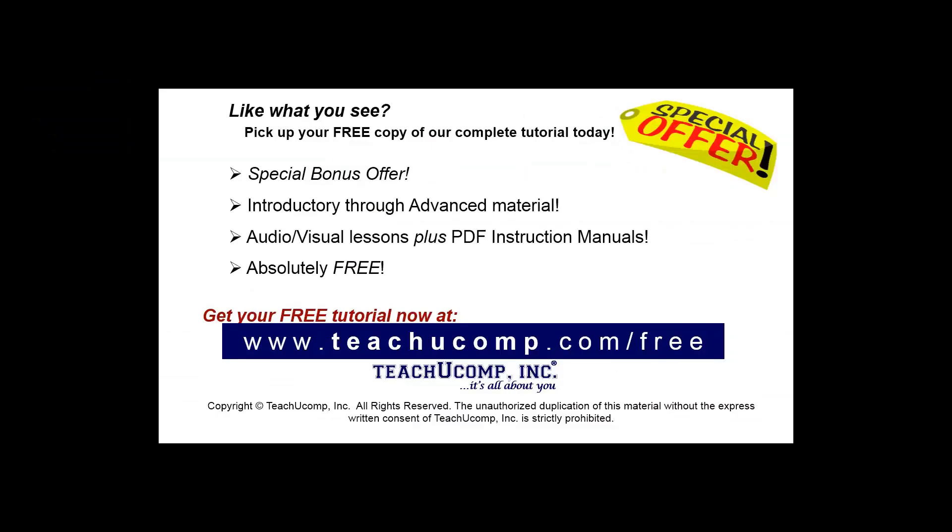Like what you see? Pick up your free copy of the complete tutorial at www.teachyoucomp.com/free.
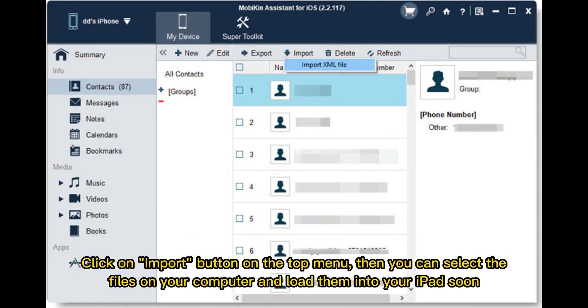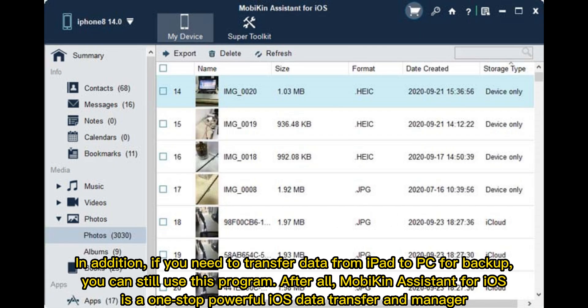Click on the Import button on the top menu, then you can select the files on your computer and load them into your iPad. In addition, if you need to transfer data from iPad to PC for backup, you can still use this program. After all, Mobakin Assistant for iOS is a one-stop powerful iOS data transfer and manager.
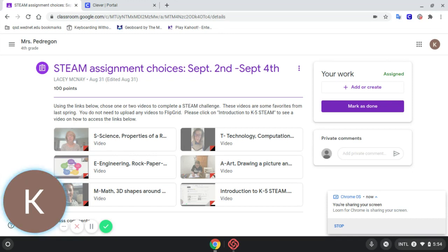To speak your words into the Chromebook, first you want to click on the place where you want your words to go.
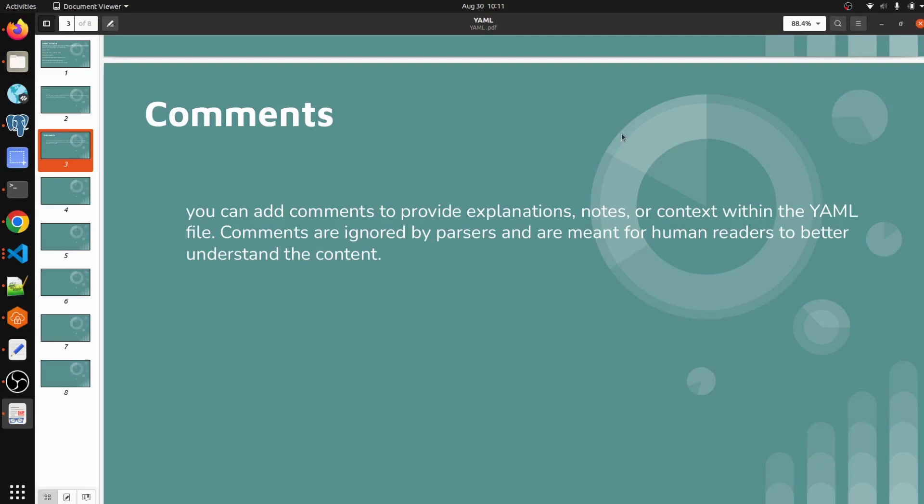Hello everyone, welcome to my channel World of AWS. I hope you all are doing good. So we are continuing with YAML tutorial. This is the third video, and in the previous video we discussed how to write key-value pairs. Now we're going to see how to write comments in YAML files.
==
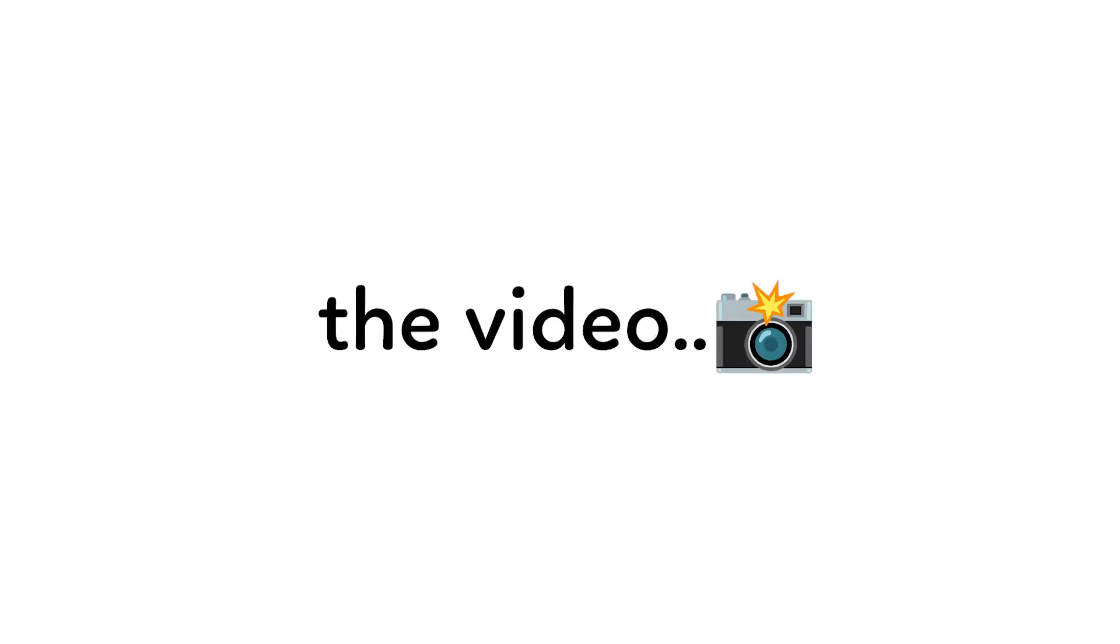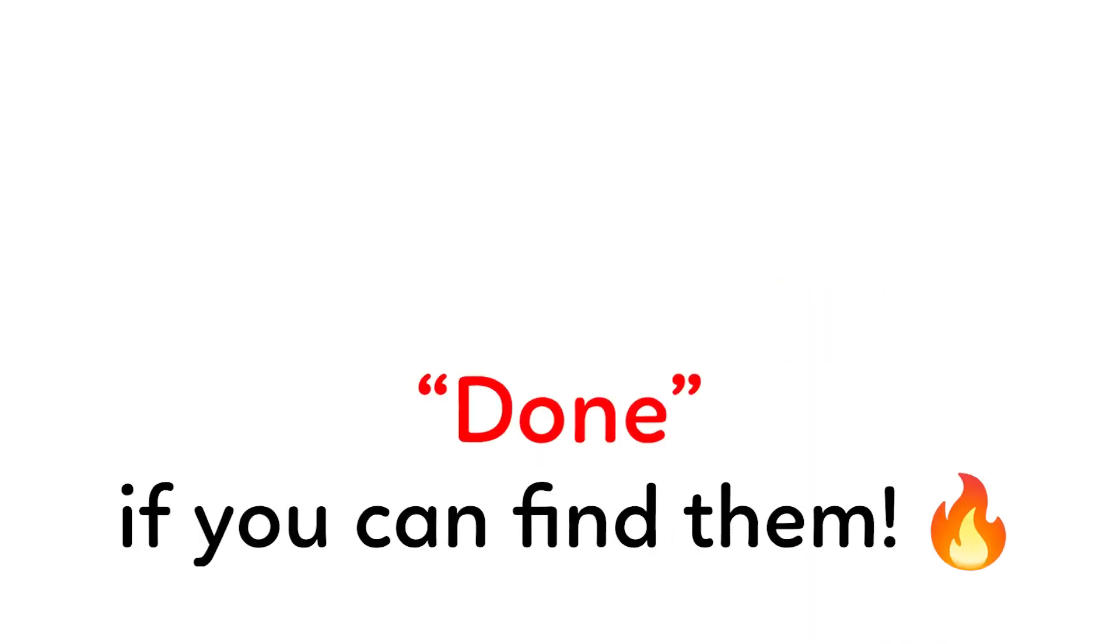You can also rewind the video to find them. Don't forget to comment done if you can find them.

• [Task instructions] Using the entries above, reproduce word for word only the lines from the one that contains "Like what you" to the one that contains "Hello everyone, welcome", both ends included, and drop every picture.

• [Solution]
Like what you see? Pick up your free copy of the complete tutorial at www.teachyoucomp.com/free.
Click on the Import button on the top menu, then you can select the files on your computer and load them into your iPad. In addition, if you need to transfer data from iPad to PC for backup, you can still use this program. After all, Mobakin Assistant for iOS is a one-stop powerful iOS data transfer and manager.
To speak your words into the Chromebook, first you want to click on the place where you want your words to go.
Hello everyone, welcome to my channel World of AWS. I hope you all are doing good. So we are continuing with YAML tutorial. This is the third video, and in the previous video we discussed how to write key-value pairs. Now we're going to see how to write comments in YAML files.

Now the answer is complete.